Vervolgens voerde de Amerikaanse marine regelmatig speciale operaties uit, waarbij verkenners The Tap heimelijk benaderden, de band met de opnames weghaalden en leeg lieten. Operatie Ivy Bell duurde tot begin jaren tachtig. Laat genoeg slaagde de Sovjet-inlichtingendienst erin om informatie te verkrijgen over luisterapparatuur en in 1981 werd "Tep" van de kabel verwijderd in de Zee van Okhotsk.
Moderne lay-out van de USS Halibut-onderzeeër in verkenningsconfiguratie. Foto Steelnavy.com
Volgens sommige bronnen ontving de bemanning van de nucleaire onderzeeër USS Halibut in de komende jaren na de installatie van "Tep" op een kabel in de Zee van Okhotsk herhaaldelijk nieuwe opdrachten met betrekking tot verkenning, zeebodemonderzoek en installatie van speciale apparatuur. Er zijn echter geen gedetailleerde gegevens over dit onderwerp vanwege het geheim van het werk. Het valt nog te hopen dat het Pentagon, nadat er voldoende tijd is verstreken, nog steeds alle gegevens die van belang zijn voor het publiek zal vrijgeven, en dankzij dit zal iedereen de details van de service van de unieke onderzeeër kunnen achterhalen.
De verkenningsonderzeeër "Halibut" bleef in dienst tot de zomer van 1976. Op 30 juni werd ze uit de vloot teruggetrokken en overgebracht naar de reserve. In hetzelfde jaar werd de onderzeeër overgebracht naar Bangor Base (staat Washington), waar ze moest wachten op het bevel om te snijden. In april 1986 werd de onderzeeër USS Halibut (SSN-587) van de lijst van Amerikaanse marineschepen geschrapt. In het vroege najaar van 1994 werd de unieke nucleaire onderzeeër opgestuurd voor demontage.
De kernonderzeeër USS Halibut (SSGN-587 / SSN-587) had een unieke bestemming. Aanvankelijk werd het gebouwd als de eerste kruisraketdrager in zijn soort met speciale kernkoppen, maar de specifieke kenmerken van de ontwikkeling van de wapens van de Amerikaanse marine leidden tot de noodzaak van grondige modernisering en herstructurering. In de nieuwe configuratie verloor de onderzeeër zijn raketbewapening, maar ontving een groot aantal speciale uitrusting van verschillende soorten, waarmee hij een breed scala aan speciale taken kon uitvoeren. Opgemerkt moet worden dat als een verkenningsschip "Heilbot" meer voordelen voor het Pentagon opleverde dan in de originele versie van de onderzeese raketdrager.

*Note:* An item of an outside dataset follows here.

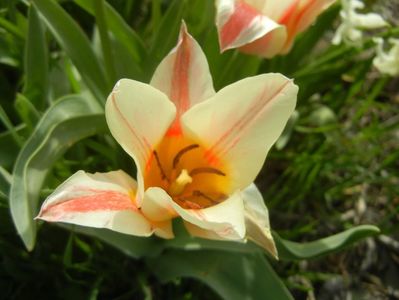 Tulipa Quebec (2018, April 11)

Desalniettemin raakte de onderzeeër, ooit beschouwd als uniek en met speciale capaciteiten, in de loop van de tijd moreel en technisch verouderd, waardoor hij zijn dienst niet langer kon voortzetten. In 1976 werd ze uit de gevechtssamenstelling van de vloot teruggetrokken in reserve. Verdere processen werden merkbaar vertraagd, maar halverwege de jaren negentig hield de USS Halibut op te bestaan en maakte uiteindelijk plaats voor nieuwe, meer geavanceerde nucleaire onderzeeërs.